Chandra P Sarat, Kurwale Nilesh, Garg Ajay, Dwivedi Rekha, Malviya Shri Vidya, Tripathi Manjari
*Departments of Neurosurgery, ‡Neuroradiology, and §Neurology, All India Institute of Medical Sciences (AIIMS), New Delhi, India.
Neurosurgery. 2015 Apr;76(4):485-94; discussion 494-5. doi: 10.1227/NEU.0000000000000675.
Various hemispherotomy techniques have been developed to reduce complication rates and achieve the best possible seizure control.
To present a novel and minimally invasive endoscopy-assisted approach to perform this procedure.
Endoscopy-assisted interhemispheric transcallosal hemispherotomy was performed in 5 children (April 2013-June 2014). The procedure consisted of performing a small craniotomy (4 × 3 cm) just lateral to midline using a transverse skin incision. After dural opening, the surgery was performed with the assistance of a rigid high-definition endoscope, and bayoneted self-irrigating bipolar forceps and other standard endoscopic instruments. Steps included a complete corpus callosotomy followed by the disconnection of the hemisphere at the level of the basal nuclei and thalamus. The surgeries were performed in a dedicated operating room with intraoperative magnetic resonance imaging and neuronavigation. Intraoperative magnetic resonance imaging confirmed a total disconnection.
The pathologies for which surgeries were performed included sequelae of middle a cerebral artery infarct (n = 2), Rasmussen syndrome (n = 1), and hemimegalencephaly (2). Four patients had an Engel class I and 1 patient had a class II outcome at a mean follow-up of 10.2 months (range, 3-14 months). The mean blood loss was 80 mL, and mean operating time was 220 minutes. There were no complications in this study.
This study describes a pilot novel technique and the feasibility of performing a minimally invasive, endoscopy-assisted hemispherotomy.

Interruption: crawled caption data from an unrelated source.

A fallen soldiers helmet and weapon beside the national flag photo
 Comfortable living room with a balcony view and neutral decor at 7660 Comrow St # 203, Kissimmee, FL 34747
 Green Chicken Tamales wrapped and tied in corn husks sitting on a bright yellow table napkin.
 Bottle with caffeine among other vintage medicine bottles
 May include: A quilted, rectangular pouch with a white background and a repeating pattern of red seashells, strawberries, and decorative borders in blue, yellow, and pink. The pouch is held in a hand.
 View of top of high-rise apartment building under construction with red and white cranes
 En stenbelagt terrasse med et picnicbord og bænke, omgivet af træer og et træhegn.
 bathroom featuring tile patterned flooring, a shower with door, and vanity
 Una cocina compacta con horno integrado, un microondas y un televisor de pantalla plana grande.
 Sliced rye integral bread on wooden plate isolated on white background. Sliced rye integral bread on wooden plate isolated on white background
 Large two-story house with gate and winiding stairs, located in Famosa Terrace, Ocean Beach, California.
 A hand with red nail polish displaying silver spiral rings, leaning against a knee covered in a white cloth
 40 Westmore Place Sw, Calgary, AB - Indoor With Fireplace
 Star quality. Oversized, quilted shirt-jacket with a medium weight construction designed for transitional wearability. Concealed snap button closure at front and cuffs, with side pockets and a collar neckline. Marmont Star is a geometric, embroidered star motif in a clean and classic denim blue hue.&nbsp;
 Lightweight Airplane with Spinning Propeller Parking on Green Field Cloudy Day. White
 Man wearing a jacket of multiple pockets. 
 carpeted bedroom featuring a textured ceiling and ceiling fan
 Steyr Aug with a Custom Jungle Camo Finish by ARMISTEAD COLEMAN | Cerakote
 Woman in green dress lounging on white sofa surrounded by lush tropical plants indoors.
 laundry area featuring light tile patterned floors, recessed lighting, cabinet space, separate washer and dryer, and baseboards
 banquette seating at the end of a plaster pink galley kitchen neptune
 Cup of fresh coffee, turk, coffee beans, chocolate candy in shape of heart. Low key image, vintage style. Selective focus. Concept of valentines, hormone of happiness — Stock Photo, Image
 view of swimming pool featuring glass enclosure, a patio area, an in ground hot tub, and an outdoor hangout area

已经开发出各种大脑半球切除术技术以降低并发症发生率并实现最佳的癫痫控制。
介绍一种新颖的微创内镜辅助方法来实施该手术。
2013年4月至2014年6月期间,对5名儿童实施了内镜辅助经胼胝体间大脑半球切除术。该手术包括使用横向皮肤切口在中线旁做一个小的颅骨切开术(4×3厘米)。打开硬脑膜后,在刚性高清内镜、刺刀式自冲洗双极镊和其他标准内镜器械的辅助下进行手术。步骤包括完整的胼胝体切开术,随后在基底核和丘脑水平离断半球。手术在配备术中磁共振成像和神经导航的专用手术室进行。术中磁共振成像证实完全离断。
实施手术的病因包括大脑中动脉梗死后遗症(n = 2)、拉斯姆森综合征(n = 1)和半侧巨脑症(2例)。平均随访10.2个月(范围3 - 14个月)时,4例患者达到恩格尔I级,1例患者达到II级结局。平均失血量为80毫升,平均手术时间为220分钟。本研究中无并发症发生。
本研究描述了一种初步的新技术以及实施微创内镜辅助大脑半球切除术的可行性。